MDF mouldings are taking market share from softwood and that’s going to continue, helped by the fact that mouldings lines provide the flexibility to process relatively small batch runs of special sections. MDF could also provide a substitute to hardwood plywood, a contact told TTJ.

“Where would you use hardwood plywood today? A mass of it is still consumed but I think demand is declining and when working internally more and more people will substitute MDF for plywood to get a consistent, reliable product sheet after sheet,” the contact said.

The price difference added to MDF’s favour. He warned that unless customers could have confidence in hardwood plywood’s quality and sourcing it could suffer the same fate as blockboard.

“Where MDF really took the market was blockboard. It’s a product we’ve forgotten about but 20 years ago it was massive; now it’s extinct. I think hardwood plywood could go the same way.

“It’s a slow decline but MDF is definitely eating into that market all the time,” he said. He also predicted that as exterior MDF became more competitively priced it too could eat into hardwood plywood’s position.
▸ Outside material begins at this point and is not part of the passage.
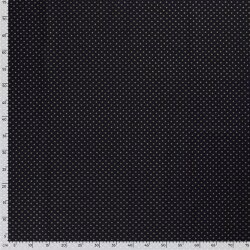 Baumwollpopeline Foliendruck Sternchen - dunkelblau/gold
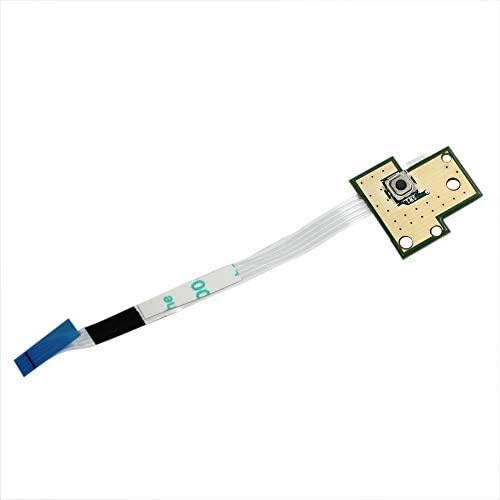 Power Switch de Zahara Placa de botão On-off com substituição de cabo para Dell Inspiron 15 3520 N5510 N5040 P81F N5050 M5040 M5050 / VOSTRO 1540 P18F 50.4IP04.204 MGE20121018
While European panel producers were producing products that were what they said they were, it wasn’t always the case with hardwood ply from other sources, he argued. “The trouble with plywood is that people don’t have confidence in the specification, how to understand the specification and whether they’re really buying to the specification. MDF is taking advantage of that turmoil,” he said.

But in the shorter term traders expect no change in the MDF market over the summer and into the autumn.

“I think it’s going to be steady all the way through,” said a distributor. “I can’t see anything that’s going to destabilise it. I don’t think we’re going to see any huge increases in demand but I don’t think there’s anything that will stop demand either.”

No slowdown is expected over the summer either as the summer silly season seems to be a thing of the past.

“There’s been discounting over the past year or two but it’s not necessarily tied to the summer period. Nowadays you get more distortion of figures around Easter and May Bank holidays as people take longer holidays around those periods than they used to,” said the distributor.